In the past, scholars were poets, poets were scholars; the two roles were inseparable. Writing and painting were merely “secondary pursuits” of literati. Throughout the history of calligraphy, the calligraphers truly revered by later generations were all exemplars of “artistic and literary excellence, dual mastery of craft and scholarship.” For a true scholar or poet, the issue of “misspellings” was never a problem.

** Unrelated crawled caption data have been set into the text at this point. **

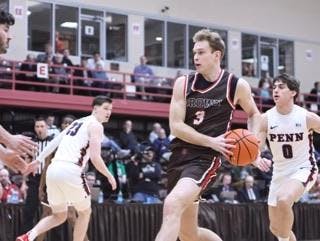 A man begins to shoot a basketball with his opponents behind him. 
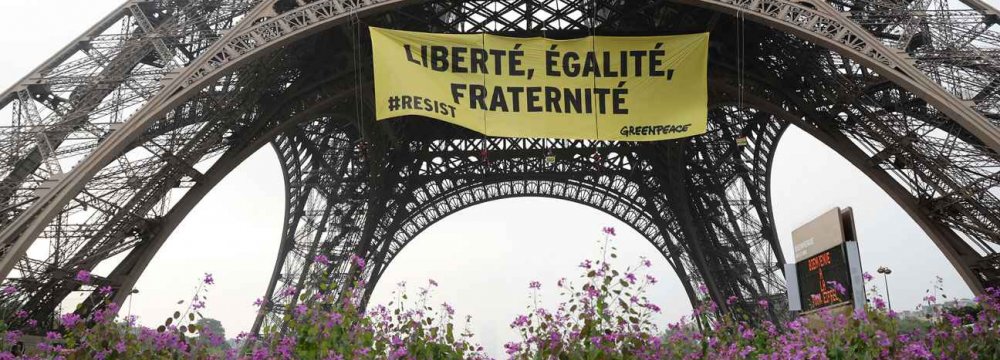 In a major security breach, Greenpeace activists partially scaled the Eiffel Tower to hang a giant anti-Le Pen banner in Paris, France, on May 5.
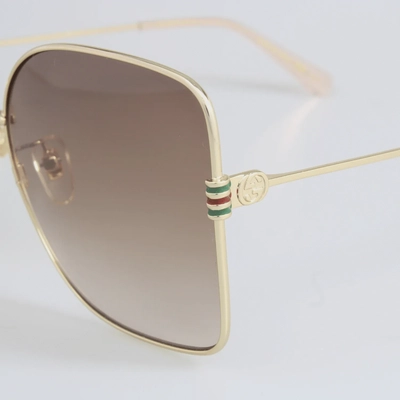 Gucci GG1282SA-003 Sunglass for Women - Gold Brown-1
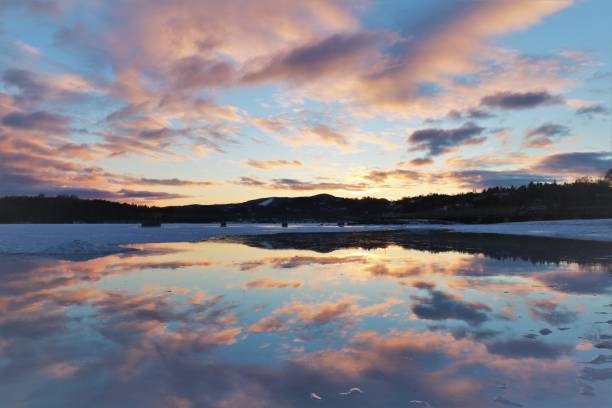 ciel norvégien au coucher du soleil sur un fjord semi gelé - frozen ice sky sun photos et images de collection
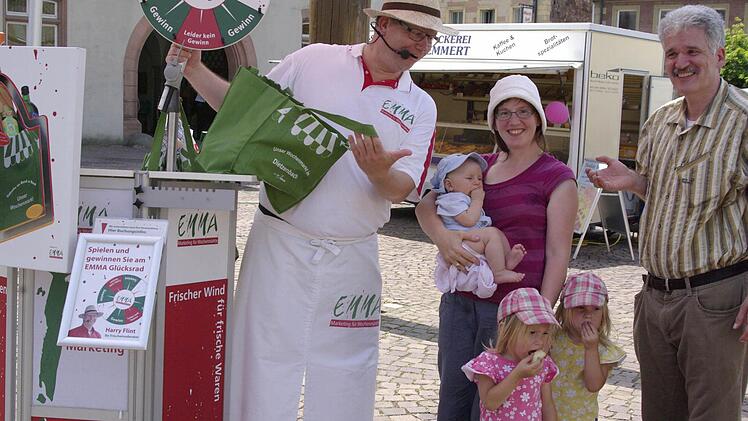 Marktmoderator Harry Flint (links) und der Prokurist der Deutschen Marktgilde, Uwe Lorey (rechts), überreichen am Samstag in Hammelburg eine Tasche mit frischem Obst und Gemüse an Gewinnerin Doris Aulig (Mitte) und ihre Kinder Matthäus, Sophia und Viktoria. Foto: Winfried Ehling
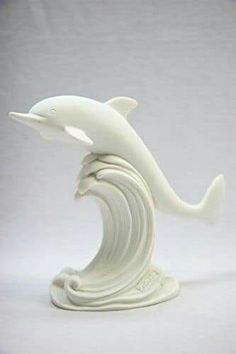 a white ceramic sculpture of a dolphin on a wave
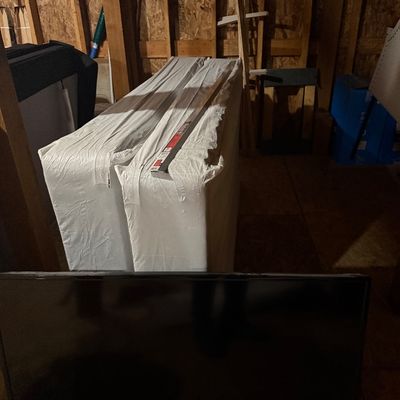 Sale Photo Thumbnail #18: Toshiba flat-screen television shown in the foreground of a storage area with wrapped beds.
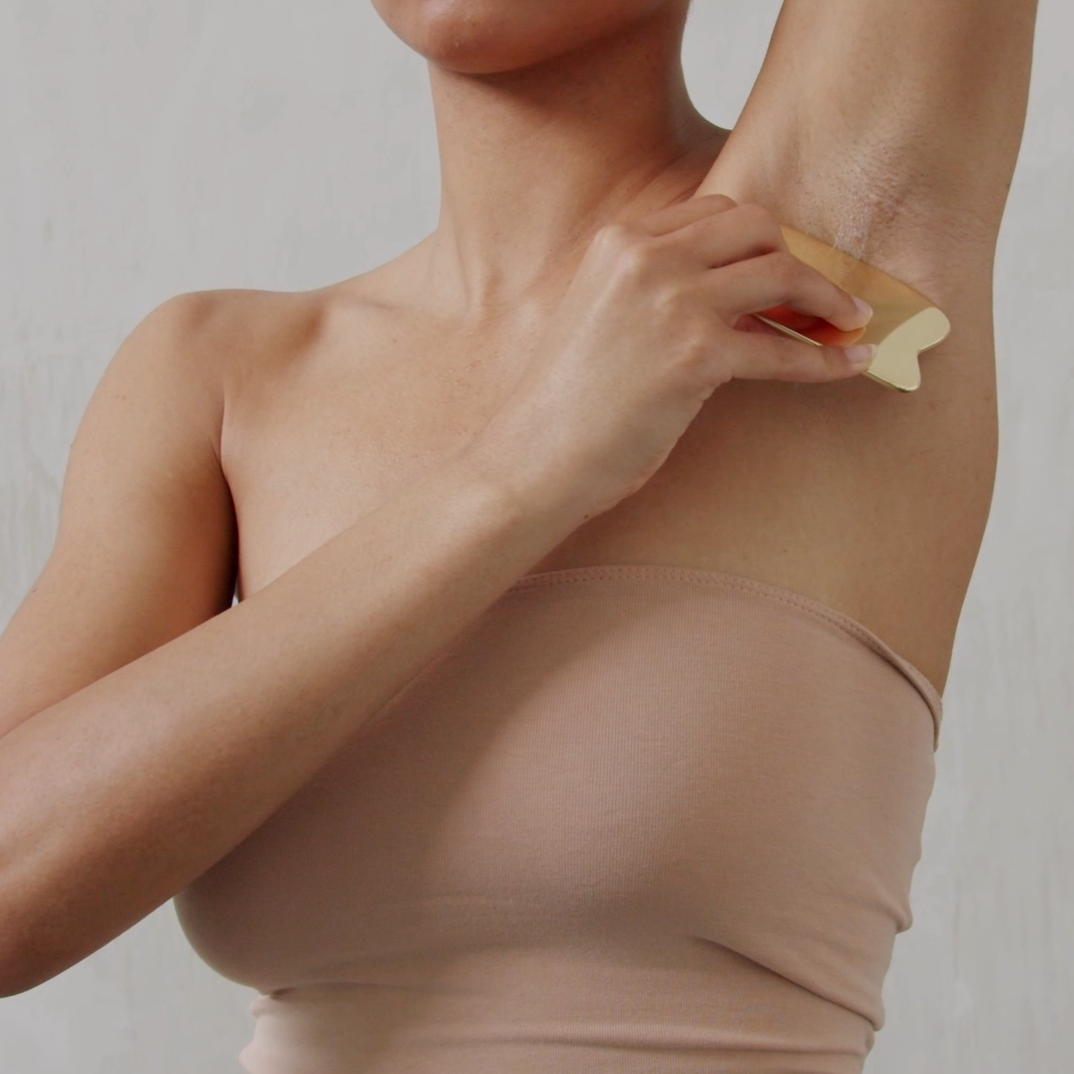 Woman using AKT's Applicator to apply their Deodorant balm to her underarms.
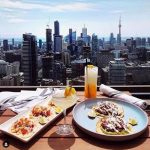 Rooftop dining scene featuring tacos and a cocktail with a panoramic view of the Toronto skyline, including the CN Tower, under a partly cloudy sky.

In the era of fast-food civilization and the “scrolling frenzy,” reading books, newspapers, and trending topics has become the most commonplace state of cultural life. Many so-called calligraphers either never study or study inconsistently; writing misspellings is just an insignificant meal. Put bluntly, we’ve reached a point where “no misspellings, no literary style” seems to prevail. It’s not that mistakes are forbidden—but some calligraphers genuinely make errors. For instance, writing the character “云” in “子·石悦云” as “雲”; writing “侯” as “侯”; writing “鱼雨文哉” as “于一文哉”; even worse, writing Fan Zhongyan’s surname “范” as “範,” his family name “于” as “于,” and mistakenly writing “神州” as “九洲”—not to mention errors in style and structure. The pages are riddled with glaring, shocking blunders. In the face of such层出不穷 (endless) misspellings, can the calligraphy circle still credibly claim that “calligraphers’ works contain no misspellings”?